Sausage and Egg Rice Parcels

Anyone who loves dim sum will have eaten lo mai gai which is a lotus leaf wrapped around glutinous, sticky rice mixed with meat, mushrooms and egg. This delicious combination is a fantastic breakfast dish and one of the first Chinese dishes that my kids fell in love with. It’s not easy to find lotus leaves and Chinese sausage in UK supermarkets so to get our lo mai gai fix I decided to experiment with ingredients I could get hold of easily then wrap everything in regular greaseproof paper. These sausage and egg rice parcels are not complicated to make but they do need sticky rice which holds everything together. You can buy this at big supermarkets or Asian markets.

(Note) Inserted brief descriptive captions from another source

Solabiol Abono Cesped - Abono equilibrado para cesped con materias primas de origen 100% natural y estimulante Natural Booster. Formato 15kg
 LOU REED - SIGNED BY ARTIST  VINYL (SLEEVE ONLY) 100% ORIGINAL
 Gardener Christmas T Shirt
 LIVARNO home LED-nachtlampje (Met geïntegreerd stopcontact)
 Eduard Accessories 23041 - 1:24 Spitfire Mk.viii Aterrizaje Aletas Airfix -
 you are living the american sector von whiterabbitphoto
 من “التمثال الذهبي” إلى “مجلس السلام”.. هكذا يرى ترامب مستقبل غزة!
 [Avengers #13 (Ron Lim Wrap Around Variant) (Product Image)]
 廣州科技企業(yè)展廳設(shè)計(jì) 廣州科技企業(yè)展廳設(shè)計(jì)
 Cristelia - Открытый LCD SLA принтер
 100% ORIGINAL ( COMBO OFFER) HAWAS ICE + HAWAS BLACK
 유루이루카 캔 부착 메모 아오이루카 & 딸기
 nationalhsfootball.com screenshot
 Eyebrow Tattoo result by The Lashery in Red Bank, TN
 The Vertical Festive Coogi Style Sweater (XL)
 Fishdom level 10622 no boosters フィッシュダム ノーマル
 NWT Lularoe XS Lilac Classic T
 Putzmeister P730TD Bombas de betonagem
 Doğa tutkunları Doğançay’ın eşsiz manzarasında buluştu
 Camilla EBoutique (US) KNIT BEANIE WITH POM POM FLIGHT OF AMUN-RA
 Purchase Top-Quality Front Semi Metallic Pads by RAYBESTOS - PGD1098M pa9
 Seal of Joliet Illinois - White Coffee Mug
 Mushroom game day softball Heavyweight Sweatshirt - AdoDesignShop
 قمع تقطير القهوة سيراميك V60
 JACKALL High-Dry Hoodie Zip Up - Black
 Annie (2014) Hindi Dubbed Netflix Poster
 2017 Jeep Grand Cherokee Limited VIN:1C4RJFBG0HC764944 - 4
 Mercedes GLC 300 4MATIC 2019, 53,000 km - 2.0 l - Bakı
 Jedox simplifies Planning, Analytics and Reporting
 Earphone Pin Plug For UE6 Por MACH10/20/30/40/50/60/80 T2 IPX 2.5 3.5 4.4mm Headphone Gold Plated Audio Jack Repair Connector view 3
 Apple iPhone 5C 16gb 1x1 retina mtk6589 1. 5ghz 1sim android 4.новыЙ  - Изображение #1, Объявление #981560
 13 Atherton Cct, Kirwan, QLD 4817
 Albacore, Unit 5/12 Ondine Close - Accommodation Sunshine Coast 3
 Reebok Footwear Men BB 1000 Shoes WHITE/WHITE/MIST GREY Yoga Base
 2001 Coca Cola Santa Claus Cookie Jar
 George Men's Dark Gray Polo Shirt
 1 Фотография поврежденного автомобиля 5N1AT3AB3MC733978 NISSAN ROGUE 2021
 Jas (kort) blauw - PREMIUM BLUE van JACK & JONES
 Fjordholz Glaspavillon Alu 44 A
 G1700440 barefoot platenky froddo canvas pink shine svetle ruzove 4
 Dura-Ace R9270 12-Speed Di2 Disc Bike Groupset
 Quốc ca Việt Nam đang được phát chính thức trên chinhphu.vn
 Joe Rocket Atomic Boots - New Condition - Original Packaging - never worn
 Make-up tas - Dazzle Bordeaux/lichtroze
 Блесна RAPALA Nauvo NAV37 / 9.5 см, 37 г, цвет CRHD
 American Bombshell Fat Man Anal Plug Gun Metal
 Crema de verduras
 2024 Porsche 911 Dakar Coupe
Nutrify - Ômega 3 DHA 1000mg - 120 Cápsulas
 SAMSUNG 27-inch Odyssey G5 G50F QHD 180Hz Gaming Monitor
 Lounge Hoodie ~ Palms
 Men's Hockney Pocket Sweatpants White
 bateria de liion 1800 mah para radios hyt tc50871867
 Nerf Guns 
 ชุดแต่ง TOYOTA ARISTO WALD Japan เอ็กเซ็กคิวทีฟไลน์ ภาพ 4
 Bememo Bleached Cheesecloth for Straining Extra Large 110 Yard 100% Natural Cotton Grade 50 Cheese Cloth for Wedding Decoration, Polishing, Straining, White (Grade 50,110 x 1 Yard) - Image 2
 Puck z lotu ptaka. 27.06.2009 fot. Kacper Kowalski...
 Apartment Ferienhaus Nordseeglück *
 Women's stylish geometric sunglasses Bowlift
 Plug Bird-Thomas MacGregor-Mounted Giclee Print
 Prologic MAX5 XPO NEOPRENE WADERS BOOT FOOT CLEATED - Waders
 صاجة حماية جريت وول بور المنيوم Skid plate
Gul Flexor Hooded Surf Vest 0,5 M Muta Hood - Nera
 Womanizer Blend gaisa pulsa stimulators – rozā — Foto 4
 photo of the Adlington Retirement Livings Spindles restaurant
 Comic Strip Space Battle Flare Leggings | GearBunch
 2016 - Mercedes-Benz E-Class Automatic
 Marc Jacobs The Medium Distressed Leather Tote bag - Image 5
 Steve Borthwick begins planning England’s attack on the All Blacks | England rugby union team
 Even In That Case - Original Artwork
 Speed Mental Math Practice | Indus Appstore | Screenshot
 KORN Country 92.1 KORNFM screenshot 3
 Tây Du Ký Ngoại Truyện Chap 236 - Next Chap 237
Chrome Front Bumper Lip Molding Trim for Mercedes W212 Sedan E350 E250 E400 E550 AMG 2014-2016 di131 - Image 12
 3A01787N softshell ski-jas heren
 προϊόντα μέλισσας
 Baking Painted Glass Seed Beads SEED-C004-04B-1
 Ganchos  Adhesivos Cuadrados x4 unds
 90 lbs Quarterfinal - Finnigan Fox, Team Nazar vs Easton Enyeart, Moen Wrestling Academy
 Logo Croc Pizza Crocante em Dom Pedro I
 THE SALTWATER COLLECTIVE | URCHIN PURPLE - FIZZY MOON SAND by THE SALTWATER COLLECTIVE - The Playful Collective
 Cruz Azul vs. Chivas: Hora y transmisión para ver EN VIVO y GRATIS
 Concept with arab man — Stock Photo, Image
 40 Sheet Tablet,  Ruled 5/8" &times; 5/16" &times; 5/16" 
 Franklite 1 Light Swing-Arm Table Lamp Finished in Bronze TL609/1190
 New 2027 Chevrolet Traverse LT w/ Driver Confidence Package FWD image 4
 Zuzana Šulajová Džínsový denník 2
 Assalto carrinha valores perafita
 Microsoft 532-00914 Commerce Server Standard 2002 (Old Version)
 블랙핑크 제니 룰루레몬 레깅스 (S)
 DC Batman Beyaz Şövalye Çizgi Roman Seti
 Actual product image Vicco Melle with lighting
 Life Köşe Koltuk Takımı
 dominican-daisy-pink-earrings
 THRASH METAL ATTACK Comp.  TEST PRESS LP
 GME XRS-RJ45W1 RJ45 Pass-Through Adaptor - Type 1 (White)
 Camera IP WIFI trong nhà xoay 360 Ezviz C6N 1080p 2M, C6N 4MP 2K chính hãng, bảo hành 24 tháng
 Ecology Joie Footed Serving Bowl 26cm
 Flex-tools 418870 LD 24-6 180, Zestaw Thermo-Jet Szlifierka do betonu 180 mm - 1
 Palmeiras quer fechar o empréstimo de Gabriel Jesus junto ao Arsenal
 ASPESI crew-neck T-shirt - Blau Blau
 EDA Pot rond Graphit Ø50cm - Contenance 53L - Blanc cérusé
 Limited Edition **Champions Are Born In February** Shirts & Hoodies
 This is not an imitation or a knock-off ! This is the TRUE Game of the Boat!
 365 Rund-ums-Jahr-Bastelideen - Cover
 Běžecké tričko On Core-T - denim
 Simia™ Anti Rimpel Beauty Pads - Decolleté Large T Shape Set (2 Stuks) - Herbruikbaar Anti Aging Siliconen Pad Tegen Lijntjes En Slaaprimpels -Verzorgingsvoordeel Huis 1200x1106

Soaking the rice overnight is a must to get the best texture and flavour out of your rice. I make big batches then freeze individual parcels to defrost whenever I need a lo mai gai inspired breakfast.

Superfood Profile: Eggs
Contain Omega-3 (DHA) and Selenium which improve physical brain health and stabilize mood.

Makes 4 parcels

350g sticky rice
200g chorizo or kabanos (Polish sausage)
115g shitake or chestnut mushrooms
2 tbsp dark soy sauce
1 tbsp oyster sauce
2 tsp sesame oil
2 tsp rice wine or white wine vinegar
1 tsp white sugar
2 tbsp vegetable oil
2 spring onions
1 egg
1 tsp Chinese 5 spice

  • The night before making the rice parcels wash the rice then leave the washed rice in a bowl of water until you’re ready to cook (at least 12 hours).
  • Line a steamer basket (bamboo or stainless steel) with greaseproof paper then brush over a little vegetable oil. Drain the rice then tip it into the lined basket and put the lid on. Put a heatproof plate or small colander into a large cooking pot then place the steamer basket on top. Pour in water up to 2cm below the steamer then place a lid on the pot. Bring the water to a gentle boil (slow moving bubbles) and steam for 45 minutes or until the rice is tender.
  • Finely chop the mushrooms, spring onions and sausage then whisk the egg in a small bowl. In another small bowl mix together the soy sauce, oyster, sesame oil and sugar.
  • Fry the sausage until it starts to crisp up a little then add the mushrooms and cook for another 3 minutes then add the Chinese 5 spice and stir using chopsticks. Add the chopped spring onion and the soy sauce mixture then cook for 1 minute before adding the whisked egg and stirring rapidly with the chopsticks until it is cooked. Add the cooked rice and use the chopsticks to break it up and mix with the other ingredients. At this point you can serve the dish immediately with roasted chilli oil or you can make up parcels that are re-heated another day.
  • Brush a little vegetable oil onto a 20x30cm piece of greaseproof paper. Spoon the rice mixture into the centre of the paper (about the volume of 2 packs of cards on top of each other).
  • Fold the paper over lengthways first then pull over the bottom and top halves. Flip the parcel over to stop the paper moving and repeat until you have a stack of parcels. These can be frozen (slide into a plastic bag before freezing) or stored in the fridge until ready to be re-steamed.
  • Take your de-frosted parcels and place 2-4 inside a steamer basket and secure the lid. Place the basket on top of a pan with about 5cm of water and steam for 15-20 minutes until the parcels are piping hot.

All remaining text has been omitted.